Controller Area Network (CAN) implementations inherently trust all valid messages on the network. While this feature makes for easy replacement and repair of electronic control units (ECUs), this trust poses some cybersecurity challenges, like making it easy to spoof messages or alter them with a middleperson attack. With an SAE J1939 based network, the meaning of the network messages are often published, which reduces the amount of work needed to reverse engineer the protocol. Furthermore, J1939 is often used on high-value and high-risk cyber-physical systems, like trucks, buses, generator systems, construction, agriculture, forestry, and marine and military systems. Therefore, improving the cybersecurity posture of SAE J1939 networks is crucial for protecting critical infrastructure.
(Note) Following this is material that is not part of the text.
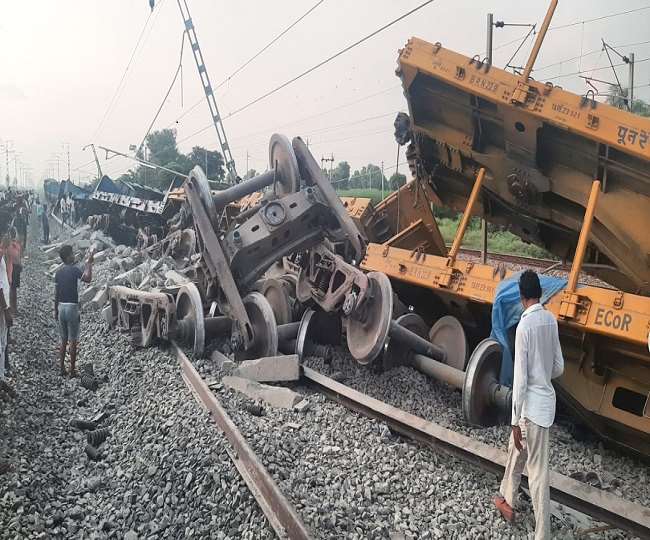 इटावा: डीएफसी ट्रैक पर हुआ पहला रेल हादसा, मालगाड़ी के 17 डिब्बे पलटे, लोहे के गार्डर ले जा रही थी ट्रेन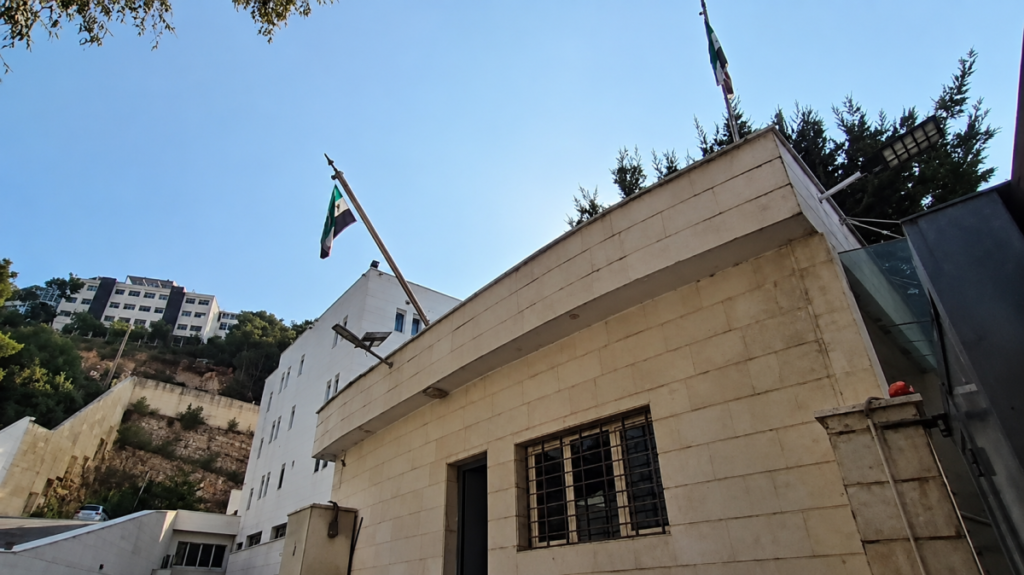 دبلوماسي سوري يغادر بيروت إلى السجن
The approach outlined in this paper for an intrusion detection system (IDS) uses so-called CAN Conditioners at or in each of the vehicle ECUSs that communicate with the Secure Gateway near the vehicle’s diagnostic port. Each of the CAN Conditioners and the Secure Gateway includes an allowlist and blocklist procedure to prevent a variety of unauthorized network attacks. In addition, a cipher-based message authentication code (CMAC) is calculated by each node and transmitted across the network using the J1939 Data Security Message parameter group number (PGN). This CMAC message acts as a heartbeat indicator for the Secure Gateway to verify healthy node behavior and unaltered messaging.

Reference prototype hardware and software are described and results from a test implementation on a Class 6 truck with 6.7L diesel engine and an automated transmission are also described. The provisioning process sets up hardware security modules to be able to exchange secrets over the CAN bus using the elliptic-curve Diffie-Hellman protocol (ECDH). Once secrets are exchanged, ephemeral session keys are shared with the Secure Gateway, which keeps track of the CMACs from each CAN Conditioner. If a CMAC fails to match, the Secure Gateway informs the network using the J1939 Diagnostic Message #1 and a message using the J1939 defined Impostor PG Alert parameter group. Results show the IDS can detect alteration of a message or an impersonated message.